Morning Song

This late May morning, before the sunrise, the world is clothed in birds. They swoop, argue in the brush, sing and chatter. They are everywhere in sound and flight.

Above my study, under the second-floor eave of the house, for the fifth year a pair of barn swallows raises out its noisy brood. The parents forage nonstop. Upon their return, they rest on a telephone wire forty feet out from the nest, before diving in to drop a beetle into waiting mouths.

Throughout the various barns and outbuildings of the farm, countless other pairs are likewise nested. Together they provide one of my great delights, as they follow the tractor, swooping in elegant patterns, for unlucky and outmaneuvered insects.

At one end of the front porch, a pair of house sparrows nests in a birdhouse Cindy created.
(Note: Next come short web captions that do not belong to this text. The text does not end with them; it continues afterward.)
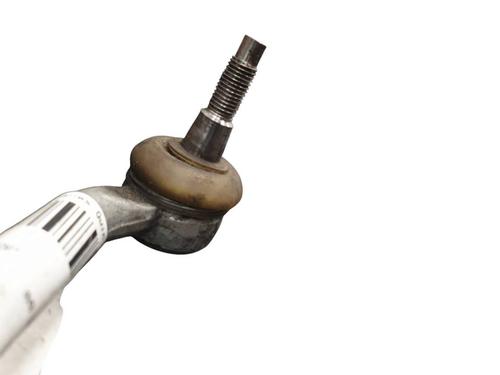 Steering rack CITROËN DS3 (SA_)  | BP38061209M22  - Image 7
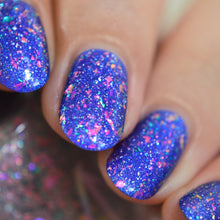 By Vanessa Molina: DUO "Starborn Queen" and "Dreamlight Wings" *OVERSTOCK*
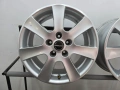 4бр 16ски джанти BORBET за PEUGEOT, FORD, RENAULT 5х108мм A161404 , снимка 4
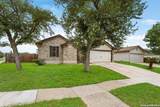 8403 Pigeonberry Drive - Photo 2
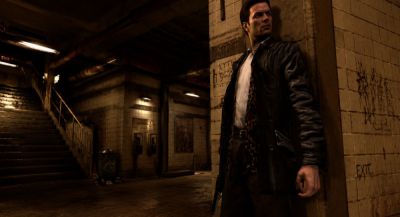 Максим Пейн - Max Payne Mobile — идеальный способ пройти легенду в 2026 году - app-time.ru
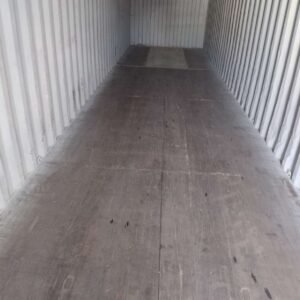 CBHU9104754_compressed_page-0006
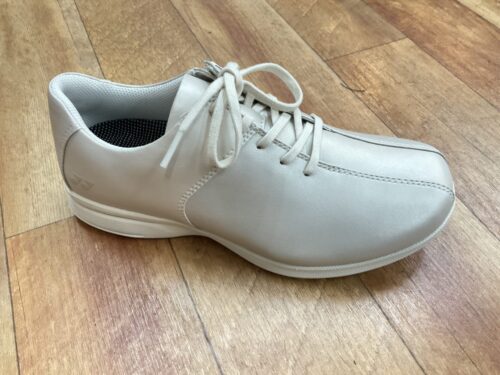 ヨネックスL122 ニューカラー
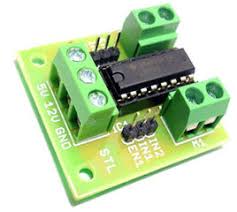 How to Choose the Right Motor Driver- Free Tips and Tricks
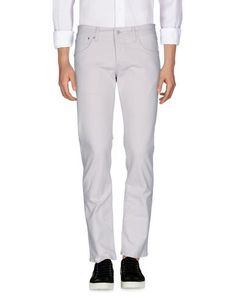 Джинсовые брюки Pepe Jeans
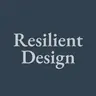 Imagen de perfil de Resilient Design | Content Marketing Studio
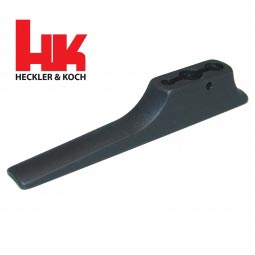 Heckler And Koch SLB2000 Front Sight Holder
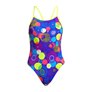 Maillot de bain 1 pièce FUNKITA Love Bite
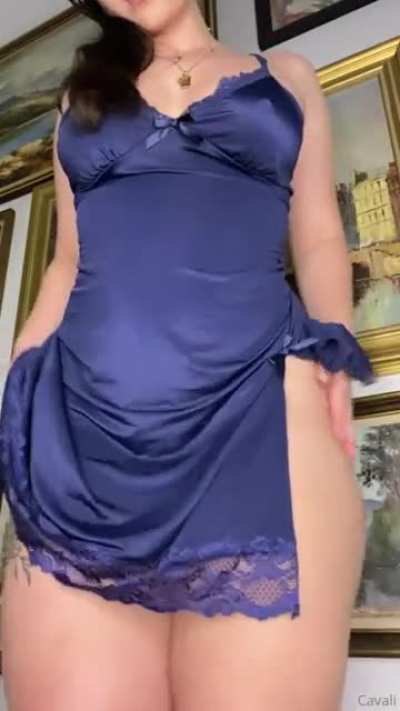 onlyfans vid lilith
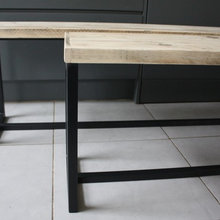 bench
On the other, a duo of cardinals has made a home in the crape myrtle, while further out, mockingbirds nest in the muscadine vines.

This season also brings us brown thrashers, bluebirds, blue jays, hummingbirds, with their magnificently constructed nests in the apple trees, mourning doves among the crabapples, bobwhites calling from the overgrown fenceline. And then there are the countless others that only Cindy recognizes: “Oh, my gosh! Out back, up by the blueberries, those are indigo buntings — the first ones I’ve ever seen!” “Look, out the window, quick! It’s … an American goldfinch, a pileated woodpecker, an Eastern kingbird, a Cooper’s hawk. Too late, it’s gone,” she says, both sad and pleased for having witnessed its presence.

Each spring morning, after an hour or two of owning this time, my daily ritual ends. The sun pushes aside the songsters’ trilling and chirping to take up its own dominion. In a sleight-of-hand, the intensity from the early morning is diminished, as if the sun exercises some curious power, by illumination alone, over this sound, moving the birdsong to the background.